The number of protons and neutrons in the atomic nucleus can be modified, although this can require very high energies because of the strong force. Nuclear fusion occurs when multiple atomic particles join to form a heavier nucleus, such as through the energetic collision of two nuclei. At the core of the Sun, protons require energies of 3–10 KeV to overcome their mutual repulsion—the coulomb barrier—and fuse together into a single nucleus. Nuclear fission is the opposite process, causing a nucleus to split into two smaller nuclei—usually through radioactive decay. The nucleus can also be modified through bombardment by high energy subatomic particles or photons. In such processes that change the number of protons in a nucleus, the atom becomes an atom of a different chemical element.
The mass of the nucleus following a fusion reaction is less than the sum of the masses of the separate particles. The difference between these two values is emitted as energy, as described by Albert Einstein's mass–energy equivalence formula, E = mc², where m is the mass loss and c is the speed of light. This deficit is the binding energy of the nucleus.
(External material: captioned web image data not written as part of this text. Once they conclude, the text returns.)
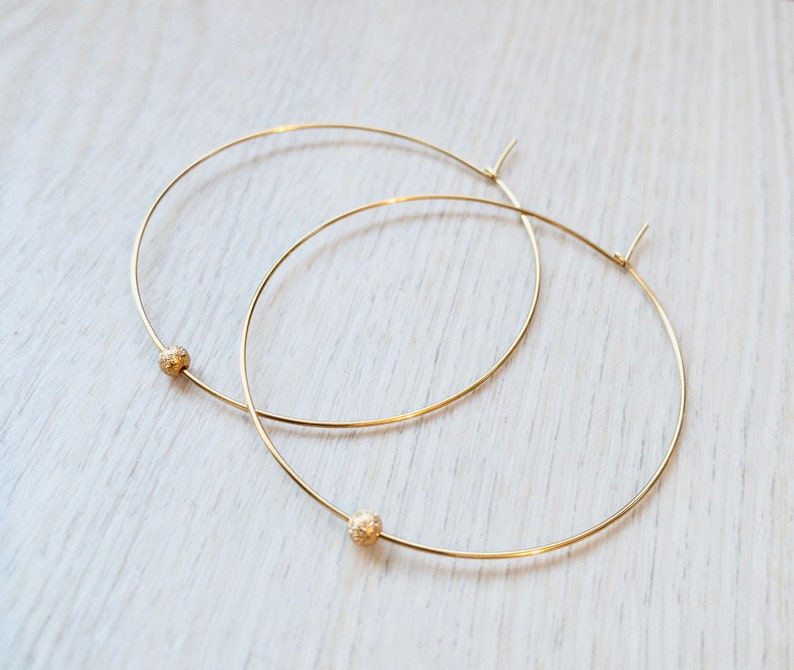 Gold Hoops, Gold Hoop Earrings, Stardust Earrings, Gold Sparkle Ball Earrings, Gold Stardust Hoops image 2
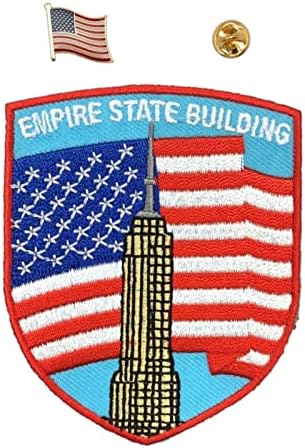 Egy-EGY 2 DB Csomag-Empire State Building Javítás+USA Zászló, Kitűző, Tájékozódási pont Jelkép, Varrni Javítás, Vas Öntapadó Jelvény, Nemzeti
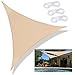 KIKILIVE Voile d'ombrage Triangulaire, Voile Ombrage 3.6 X 3.6m Imperméable, Protection UV avec Coupe-Vent Respirant, Toile pour Pergola Terrasse Balcon Jardin Extérieur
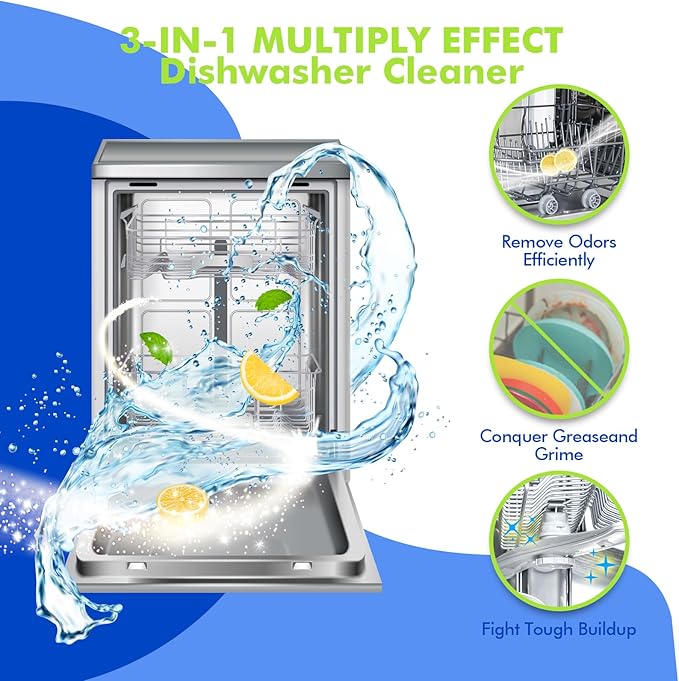 Xcleen Dishwasher Cleaner and Deodorizer Tablet 25 Count, Deep Cleaning Tablet Helps Remove Limescale, Mineral Buildup and Odor, Formulated to Clean Inside all Machines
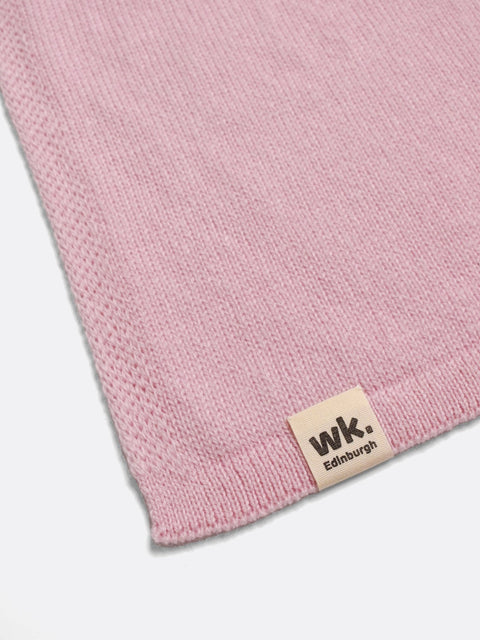 Wide Merino Wool Scarf - Pale Pink - Woolkind - Made Scotland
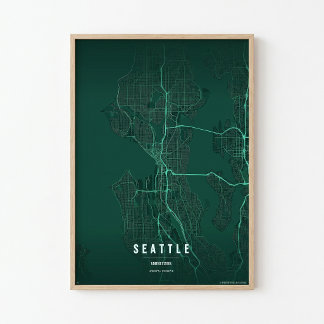 Seattle Kaart Print Washington Stad Muur Kunst Cad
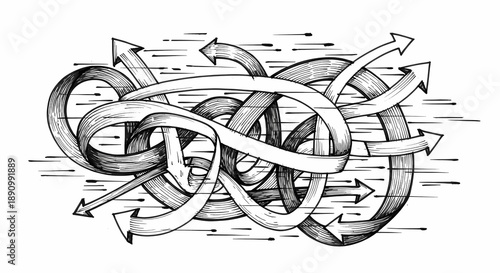 A detailed, hand-drawn illustration of numerous intertwined arrows pointing in multiple directions, symbolizing complexity and interconnectedness.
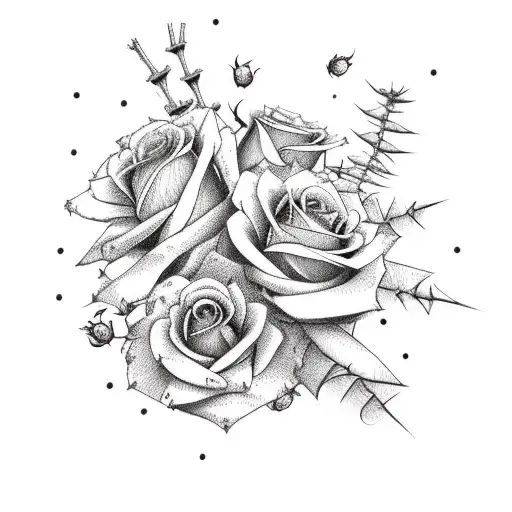 Skeleton Mariachi Band With Roses And Cacti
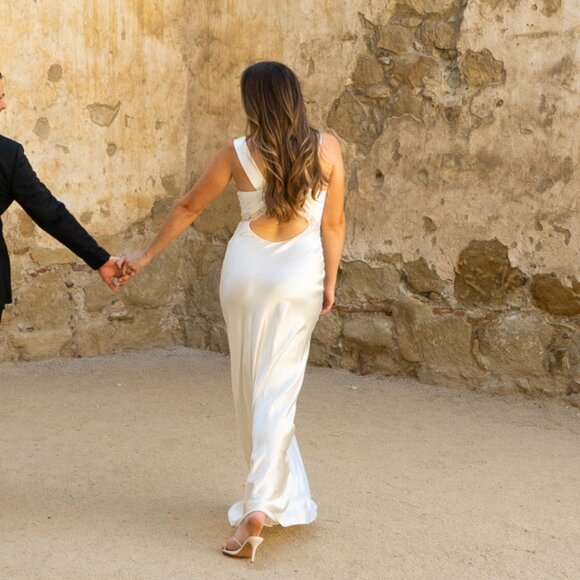 Reformation Chania Silk Dress, Ivory, M - Picture 8 of 9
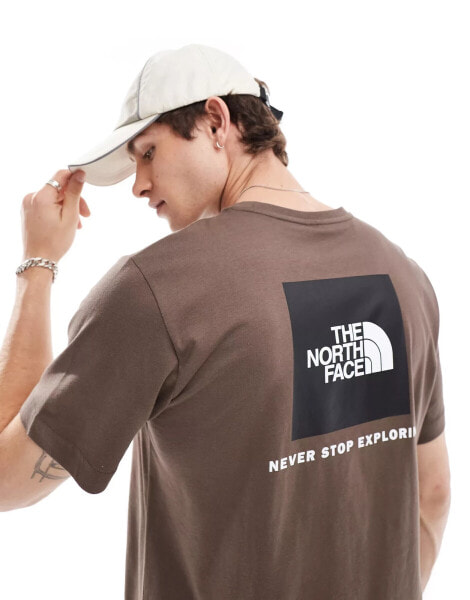 The North Face Redbox backprint t-shirt in brown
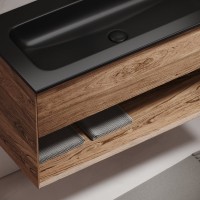 Тумба с раковиной Sancos Marmi 1.0 120 черная раковина, на двоих, дуб чарльстон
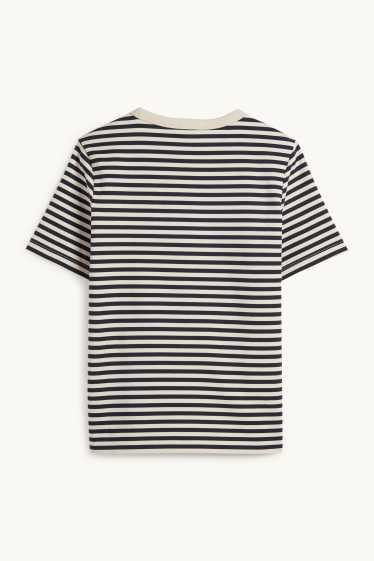 Dames - T-shirt - regular fit - gestreept - zwart / beige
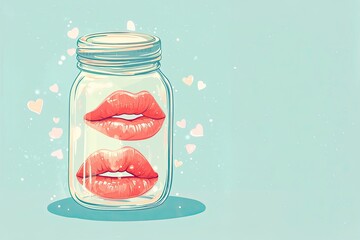 Glossy Lips Floating in a Glass Jar with Sparkling Hearts on a Pastel Background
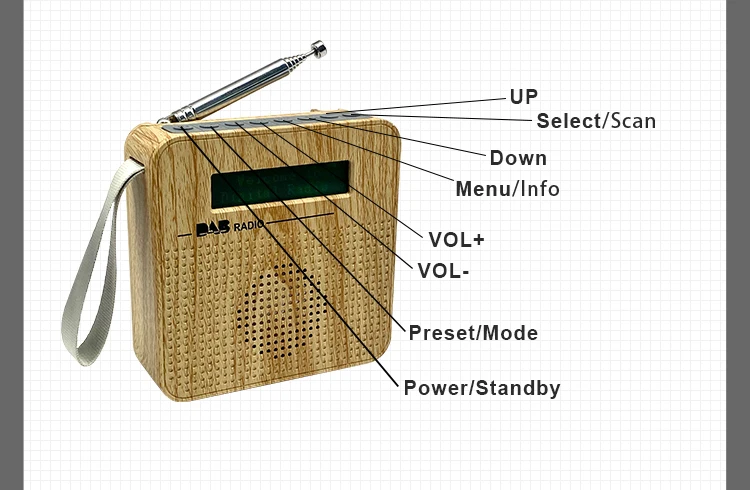 
New Style Portable DAB /DAB+ digital Clock radio with BT and big rechargeable battery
The fusion of two nuclei that have lower atomic numbers than iron and nickel is an exothermic process that releases more energy than is required to bring them together. It is this energy-releasing process that makes nuclear fusion in stars a self-sustaining reaction. For heavier nuclei, the total binding energy begins to decrease. That means fusion processes with nuclei that have higher atomic numbers is an endothermic process. These more massive nuclei can not undergo an energy-producing fusion reaction that can sustain the hydrostatic equilibrium of a star.
The electrons in an atom are attracted to the protons in the nucleus by the electromagnetic force. This force binds the electrons inside an electrostatic potential well surrounding the smaller nucleus, which means that an external source of energy is needed in order for the electron to escape. The closer an electron is to the nucleus, the greater the attractive force. Hence electrons bound near the center of the potential well require more energy to escape than those at the exterior.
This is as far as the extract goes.